Blockchains and more general distributed ledgers are distributed systems physically realized by a network of computers as nodes, whose making involves concurrency, consensus and possibly adversaries in the system. Hence its behaviour is not fully predictable. However, the genius of the invention is that incentives to parties operating in the system make certain aspects of handling the data which enter the ledger, which includes smart contracts, well behaved, reliable, replicable and so on to large extent. For some consensus mechanisms, very recent data on the ledger may be only tentative as choice of recognized fork takes some latency time and leads to abandoning some very recent blocks. The data on the ledger are processed and checked multiple times by varios nodes, leading to inefficiencies in addition to the inefficiencies which come from the computational price of consensus mechanism, say proof of work. For reasons of scalability and price, some data which logically have direct meaning to the algorithms in smart contracts on chain (= written in the ledger) are stored off chain, and only the handles (hashes or other identifiers) are stored on the chain. The hashes on the chain make verifying that the off chain data are correct cryptographic provable, however additional incentives are needed to mitagate the risk of unavailability of these data to complete the information needeed in the algorithms of smart contracts on chain. Thus, the availability of off chain data is one semantic characteristic of these data, which makes reality of smart programs very different then when the data are completely on chain. This is still engineering level, recognized in blockchain community.

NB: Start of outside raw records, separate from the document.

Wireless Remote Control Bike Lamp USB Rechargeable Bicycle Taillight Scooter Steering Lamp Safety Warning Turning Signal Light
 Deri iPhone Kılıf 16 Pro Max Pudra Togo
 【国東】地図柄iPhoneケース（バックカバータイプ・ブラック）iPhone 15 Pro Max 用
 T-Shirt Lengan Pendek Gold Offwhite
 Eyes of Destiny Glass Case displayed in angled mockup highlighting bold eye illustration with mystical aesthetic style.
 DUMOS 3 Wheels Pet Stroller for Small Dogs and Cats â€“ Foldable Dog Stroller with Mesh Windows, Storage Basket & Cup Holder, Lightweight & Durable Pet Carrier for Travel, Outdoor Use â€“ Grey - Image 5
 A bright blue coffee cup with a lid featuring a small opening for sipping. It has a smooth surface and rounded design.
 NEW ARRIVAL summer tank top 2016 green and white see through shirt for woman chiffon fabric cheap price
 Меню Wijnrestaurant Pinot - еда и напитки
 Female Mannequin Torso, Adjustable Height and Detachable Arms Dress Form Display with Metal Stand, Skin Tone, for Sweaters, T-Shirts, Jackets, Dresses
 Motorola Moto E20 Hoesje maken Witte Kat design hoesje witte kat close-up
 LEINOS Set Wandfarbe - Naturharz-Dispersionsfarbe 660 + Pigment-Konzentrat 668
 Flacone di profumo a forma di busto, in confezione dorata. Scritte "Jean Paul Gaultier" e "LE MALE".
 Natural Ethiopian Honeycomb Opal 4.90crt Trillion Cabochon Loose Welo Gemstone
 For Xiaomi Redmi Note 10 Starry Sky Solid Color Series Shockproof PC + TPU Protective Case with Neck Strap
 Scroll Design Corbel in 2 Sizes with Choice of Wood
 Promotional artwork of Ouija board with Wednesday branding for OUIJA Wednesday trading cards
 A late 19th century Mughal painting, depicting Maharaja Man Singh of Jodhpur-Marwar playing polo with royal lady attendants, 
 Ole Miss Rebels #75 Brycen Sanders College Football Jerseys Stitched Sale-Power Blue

Much deeper problems happen when we include in the consideration meaning of the data processed by smart contracts in real world, like tokenized representations of assets, witness statements on achieved milestones in real world, timing information and so on. Clear picture is of ultimate importance for security of smart contracts: can contracts be explored by third parties, how to resolve conflicts, what is the risk analysis for assets and finally how should courts analyze and judge about the intended content and resolve the abuse, conflicts or technical glitches in procedures involving smart contracts. Some of the assets, like cryptocurrencies have their reality on chain and analysis of risks is limited to on chain plus possibly some off chain related second layer platform data. Many such analyses exist already. Next level is considering witness mechanisms. There are several cryptographic mechanisms how information about real world is verified on blockchain. First of all, smart contract can name holders of cryptographic keys of some blockchain addresses as verified witnesses who can enter information into a smart contract and this information is considered relevant, that is nontrivially influences the computation. These are usually called oracles. In a variant, oracle addresses are not predetermined but anybody who puts certain stake can be an oracle, and information is weighted over a pool of oracles who are rewarded for information but whose part of a stake is taken if the oracle’s prediction is incorrect in the sense that it is far from the information given by majority of other oracles. This system is more in the spirit of decentralization than in advance certified oracles, but it requires handling the oracle market, which needs volume, good balance of incentives and may suffer from usual ideas of gaming the system which happen in rating and popularity systems. Oracle mechanisms may be combined with more involved cryptographic proofs from off chain world. That means that on chain, there is a preset verification test which can verify the cryptographic proof.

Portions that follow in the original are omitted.